* [Required action]:
Set down word for word each line from the one containing "Beforeigners background" through the end of the records, both included. Do not copy any pictures.

* [Image-text web data]:
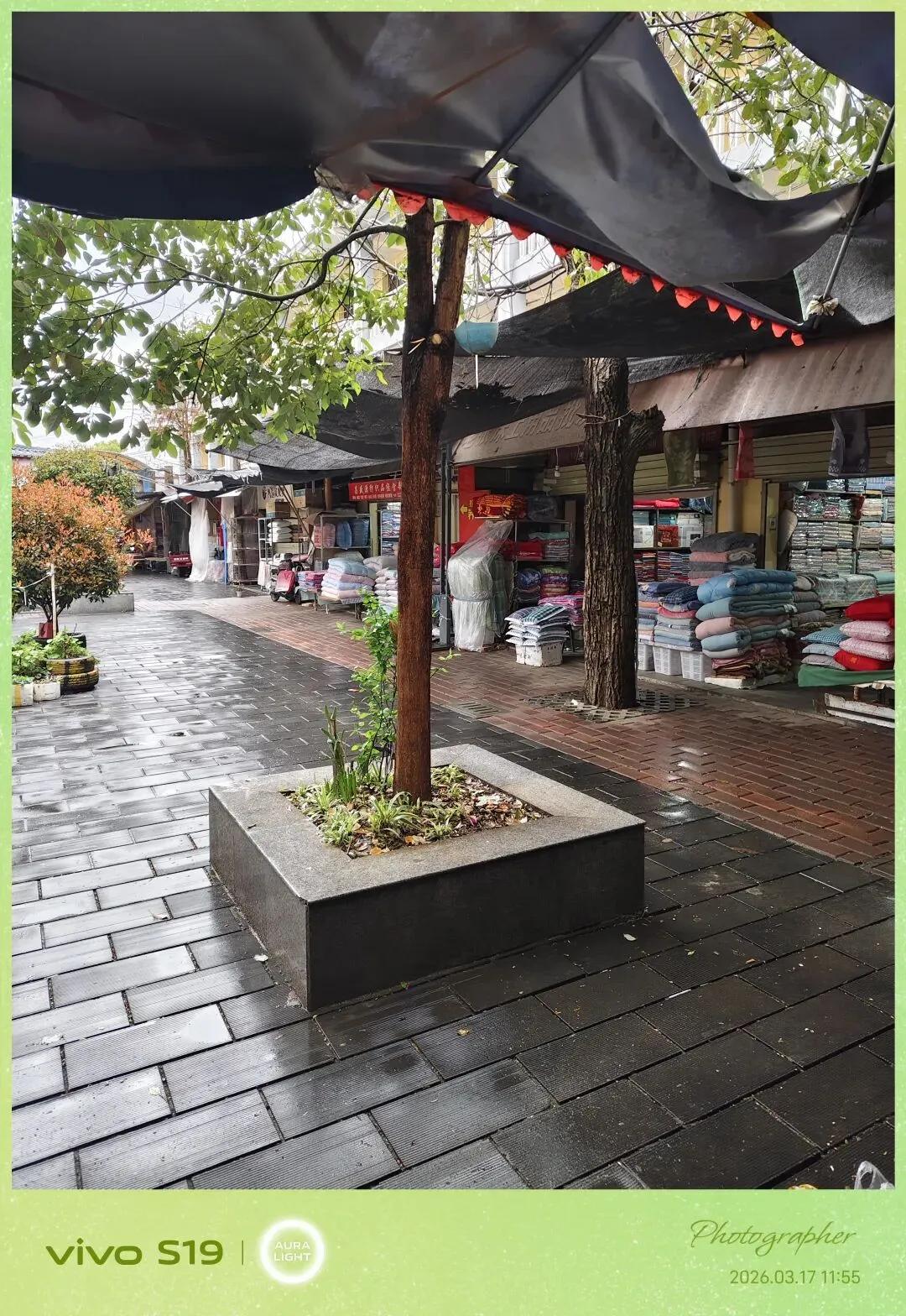 雨润运达,烟火里的老市场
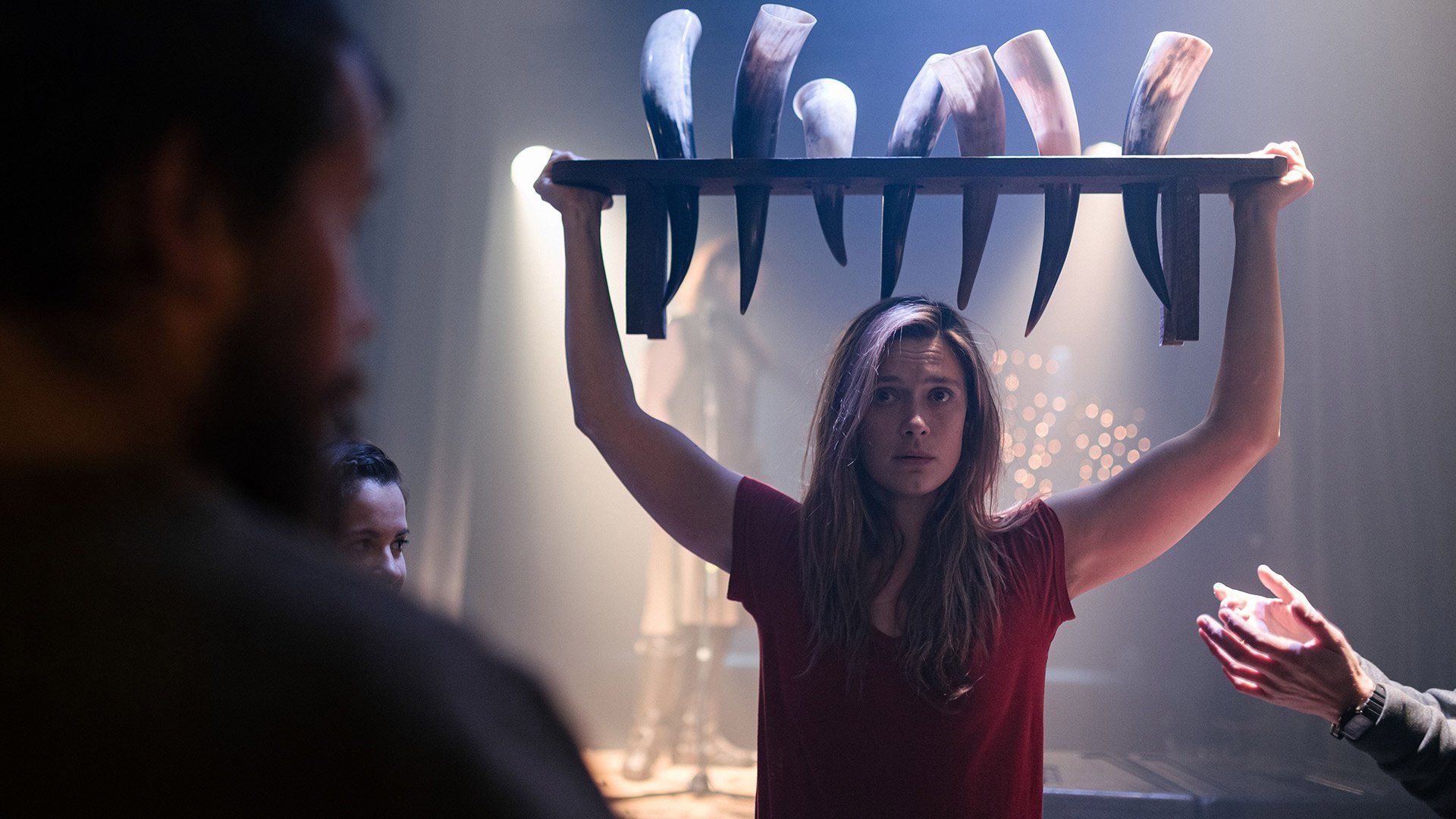 Beforeigners background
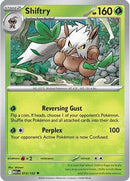 Shiftry 015/132 - Reverse Holofoil ME01 Mega Evolution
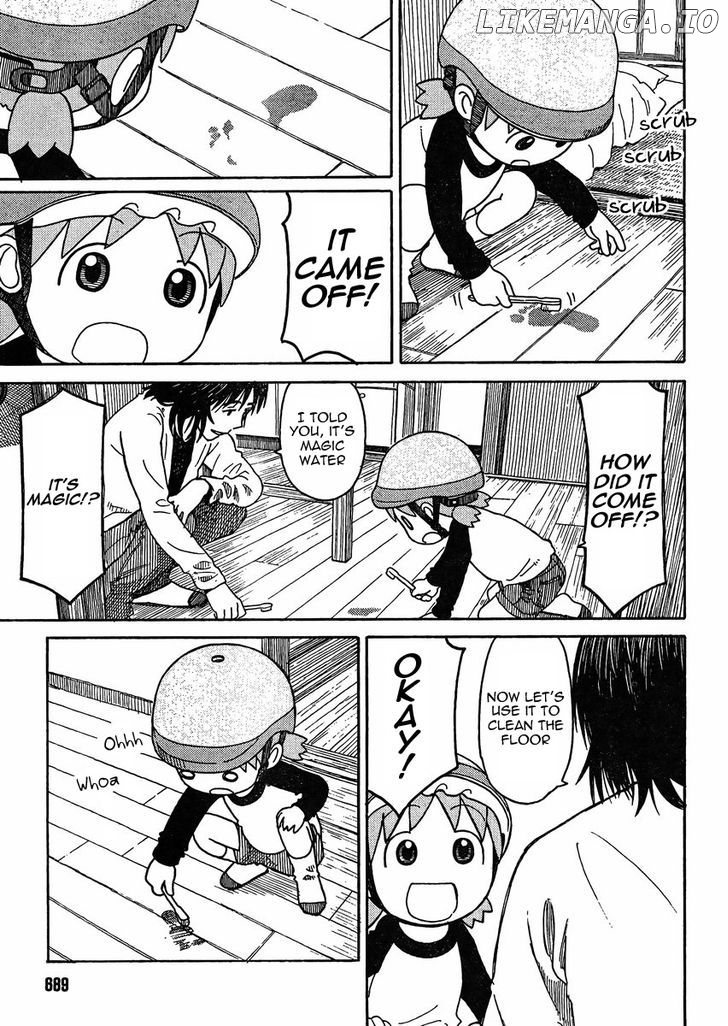 Read Yotsubato! (EN) Manga Online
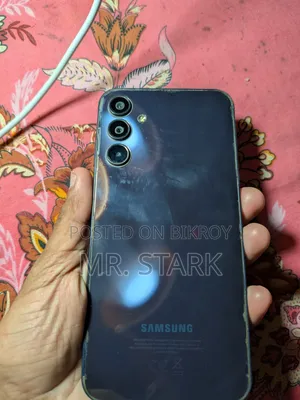 স্যামসাং গ্যালাক্সি এ১৫ ১২৮ জিবি ব্লু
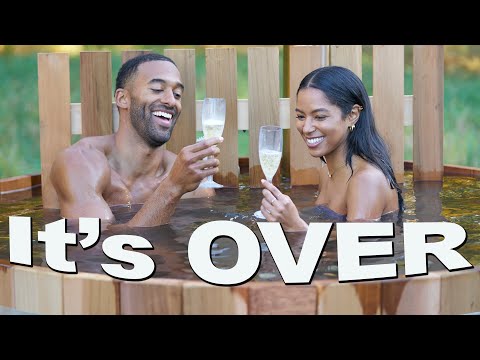 Bri Springs Unfollows The Bachelor & Matt James- A Tribute To Their Relationship Ending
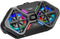 CoolCold G6 - Telefoon Koeler - Phone Cooler - Sminconductor Smartphone Radiator - Zwart - RGB - Breedte 72-95mm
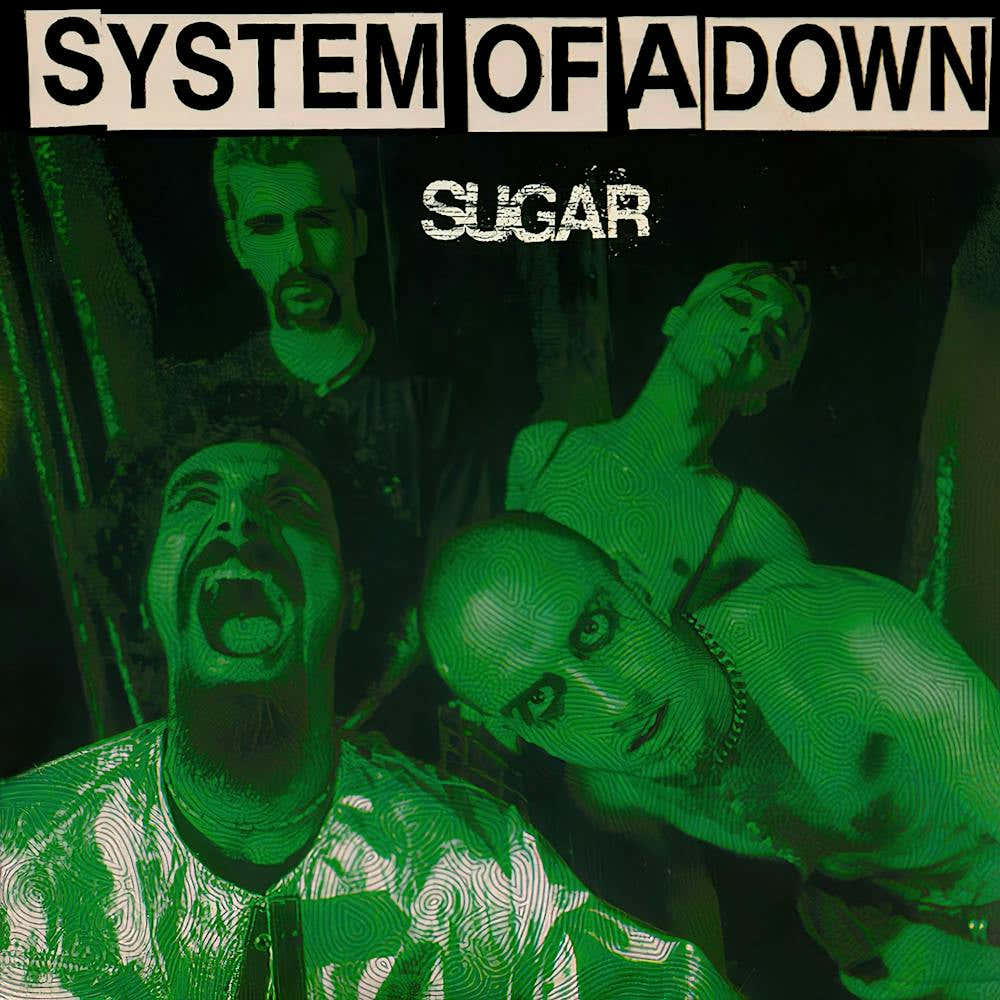 System Of A Down (3)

* [Result of the exercise]:
 Beforeigners background
 Shiftry 015/132 - Reverse Holofoil ME01 Mega Evolution
 Read Yotsubato! (EN) Manga Online
 স্যামসাং গ্যালাক্সি এ১৫ ১২৮ জিবি ব্লু
 Bri Springs Unfollows The Bachelor & Matt James- A Tribute To Their Relationship Ending
 CoolCold G6 - Telefoon Koeler - Phone Cooler - Sminconductor Smartphone Radiator - Zwart - RGB - Breedte 72-95mm
 System Of A Down (3)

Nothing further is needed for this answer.